- WHAT IS BEING ASKED:
Please reproduce all the data exactly as written and omit the pictures.

- DATA EXTRACT:
——————————
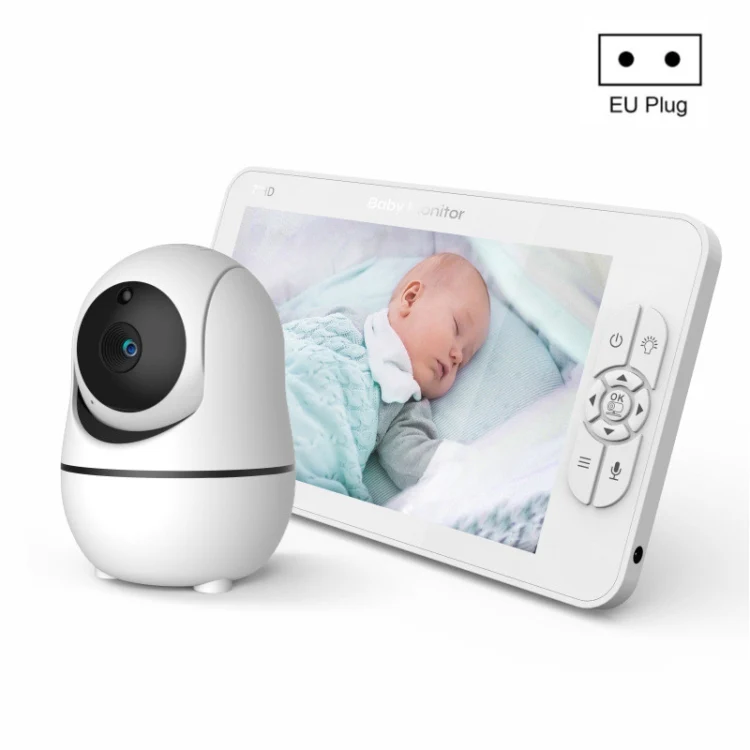SM70PTZ 7 inch Screen 2.4GHz Wireless Digital Baby Monitor, Auto Night Vision / Two-way Voice Intercom(EU Plug)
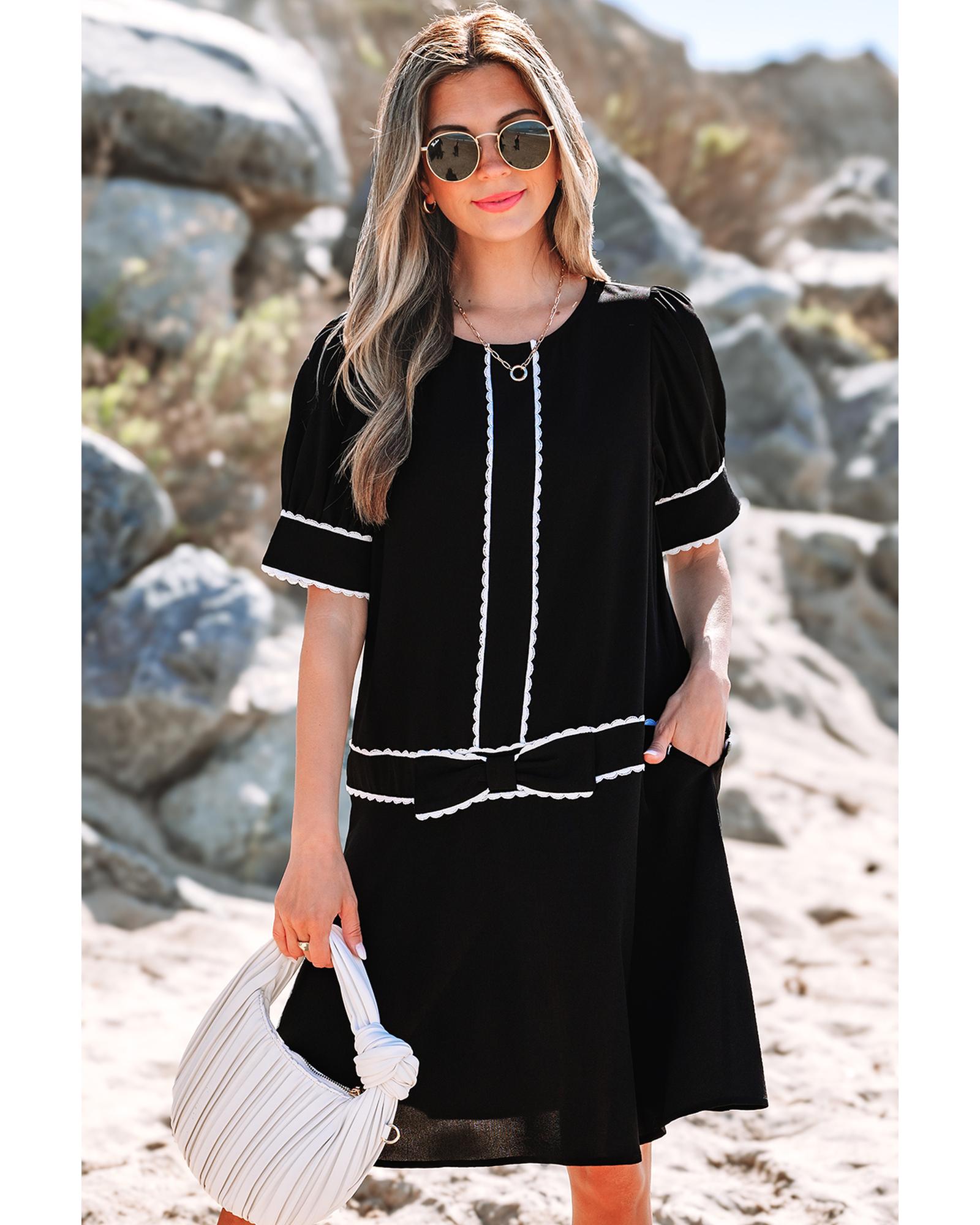 V539-AZEXDC6123738-P2-S-202506141842-00 Black Contrast Scallop Trim Bow Detail Half Sleeve Shift Dress - S - Image 1
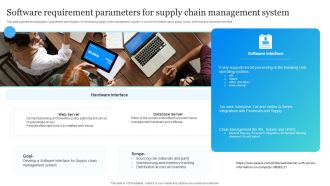 Software Requirement Parameters For Supply Chain Management System Designs PDF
——————————
- TASK RESULT:
SM70PTZ 7 inch Screen 2.4GHz Wireless Digital Baby Monitor, Auto Night Vision / Two-way Voice Intercom(EU Plug)
 V539-AZEXDC6123738-P2-S-202506141842-00 Black Contrast Scallop Trim Bow Detail Half Sleeve Shift Dress - S - Image 1
 Software Requirement Parameters For Supply Chain Management System Designs PDF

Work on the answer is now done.